I’m 50 Now, and the Thing I Loved Has Changed
JAMESRANDALL.COM
… and the changes are coming in waves.
Over the Christmas period we observed an uptick in people sharing their amazement at the power of the latest models. People experiencing first hand the power of agentic loops and long-running agent execution. Learning that the way to be most productive in this new world requires adaption, and a fundamental change in their role.
But boy were they productive.
Now we seem to be experiencing a post-Christmas slump. I’ve recently shared numerous posts from experienced engineers who are on the one hand AI optimists. They have adapted, they are running faster. They are doing things they never would have imagined. But at the same time they have lost …. something?
Something that is hard to articulate.
James Randall has a similar journey to myself (and so many others), starting life programming on computers where you could easily understand the full stack, right down to the schematic.
Technology has evolved, and become infinitely more complicated. But the skills needed to be effective have stayed much more constant. And the joy of exploring, learning, creating and problem solving has endured.
But this time, things feel different. And it is deeply unsettling.
We mourn our craft - I didn’t ask for this and neither did you
NOLANLAWSON.COM
AI is amazing, what it can create is amazing, the speed at which it can create it is amazing. But it isn’t all upside. It is almost certainly going to have an impact of the craft of software engineering.
And I am quite deliberate in my use of the word ‘craft’. Most people who work in software not only enjoy the products they create, but also enjoy the creation process itself. In fact, a lot of us enjoy the creation process the most (users are a pain!)
“I didn’t ask for a robot to consume every blog post and piece of code I ever wrote and parrot it back so that some hack could make money off of it.”
This isn’t an easy time for our industry, we’re faced with greater productivity, but at the same time it feels like we are losing something.
“We’ll miss the feeling of holding code in our hands and molding it like clay in the caress of a master sculptor.”
This blog post is short, but gets right to the point.

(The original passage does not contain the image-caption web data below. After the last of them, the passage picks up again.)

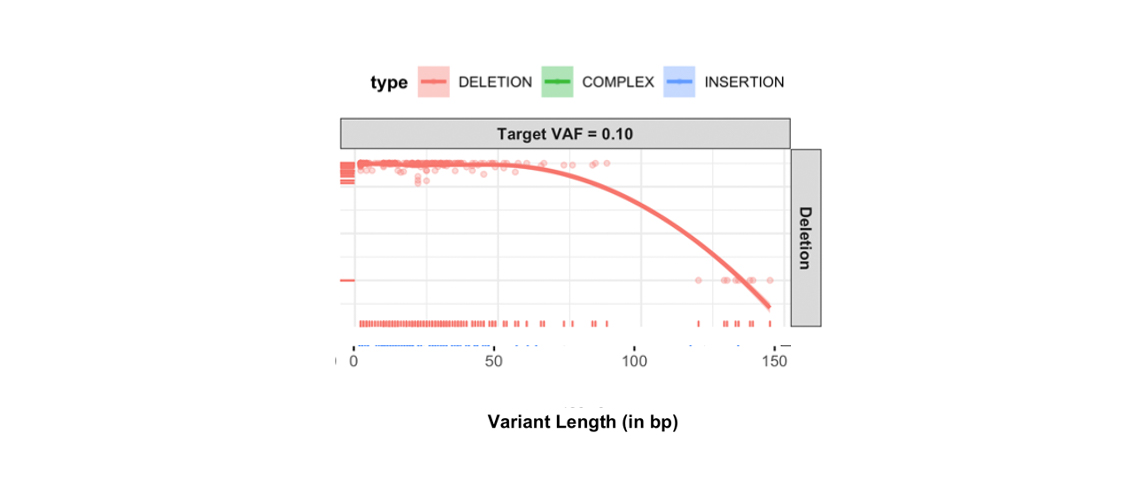 Supporting Data and Figures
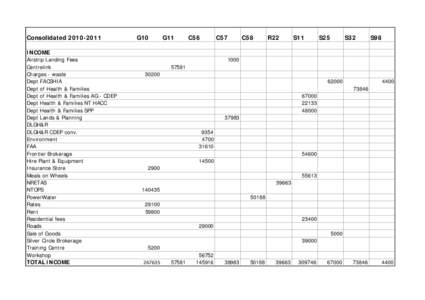 consolidated_2010-2011.xlsx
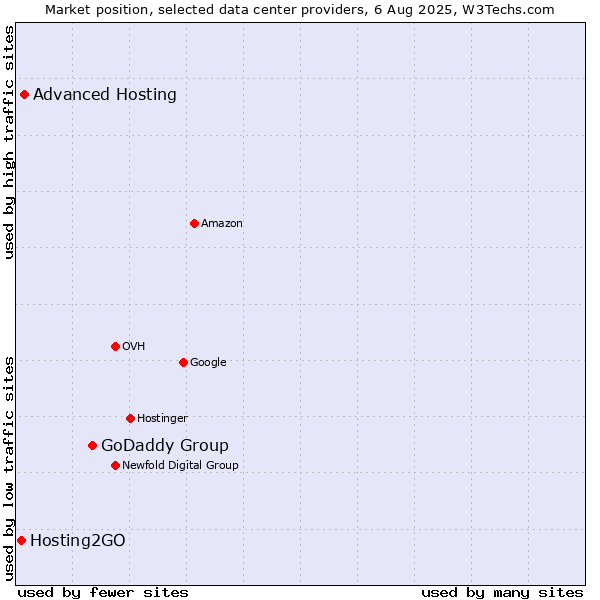 Market position of GoDaddy Group vs. Advanced Hosting vs. Hosting2GO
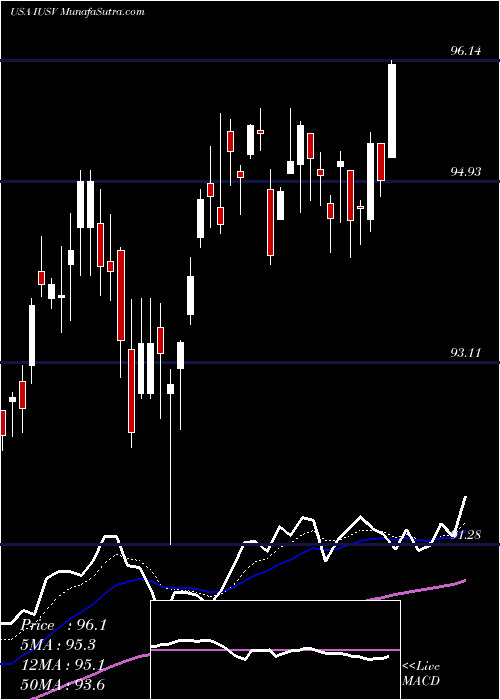  Daily chart IShares Core S&P U.S. Value ETF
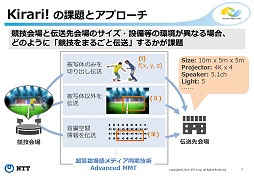 SIGGRAPH ASIANTTޥۤǺ2쥤䡼ۥܥåKirariפŸ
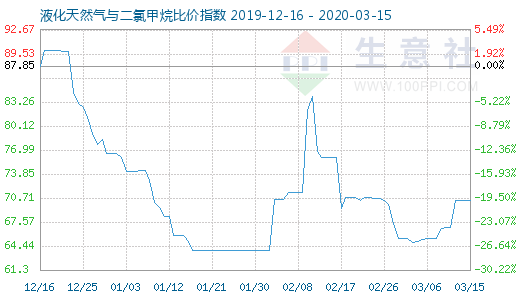 3月15日液化天然气与二氯甲烷比价指数图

Nolan isn’t denying that the world is changing fast, he isn’t actively resisting. But the pain is real.
“Now is the time to mourn the passing of our craft.”
As someone who has spent countless hours crafting software, writing code just for the fun of it, I feel the loss too.
Building a C compiler with a team of parallel Claudes
ANTHROPIC.COM
Claude Opus 2.6 has just been released, with a focus on agentic coding and its increased ability to undertake complex software tasks over long timescales. The benchmark scores have of course increased, but I’m much more interested in ‘real world’ applications of this technology.
In this post an Anthropic engineer shares a story of how coordinating a team of agents in order to create a C compiler (written in Rust) that can compile Linux 6.9 on x86, ARM, and RISC-V. A pretty ambitious project.
Two weeks later, after 2,000 Claude Code sessions (at a cost of $20k), the 100,000 lines-of-code project was functional. Not a perfect compiler, a bit slow, and a 99% benchmark score, but good enough to compile QEMU, FFmpeg, SQlite, postgres, redis and of course Doom.

This post is quite honest about this being an ideal problem for an agent, with a near perfect evaluation and feedback mechanism. But it is sill deeply impressive and there is much we can learn from those who are pushing agentic coding to the very limit.
Introducing GPT‑5.3‑Codex‑Spark
OPENAI.COM
An ultra-fast model for real-time coding in Codex …
OpenAI has launched GPT-5.3-Codex-Spark, a real-time coding variant of its Codex family optimised for ultra-fast feedback loops inside editors and terminals. This marks a bit of a departure from other recent model releases which have been focussed on overall capability (benchmark scores, long-running task execution etc). Running on specialised hardware with a >1,000 tokens/sec inference speed and a 128k context window, Spark trades some deep reasoning for responsiveness, making incremental edits and rapid iteration feel almost synchronous.
The initial buzz on Hacker News reflects this duality: many developers are excited by the speed and real-time interaction, seeing it as a way to keep “in the flow” when sketching code or refining logic, while others highlight that its depth and consistency can feel lighter compared with the full GPT-5.3-Codex in more complex tasks.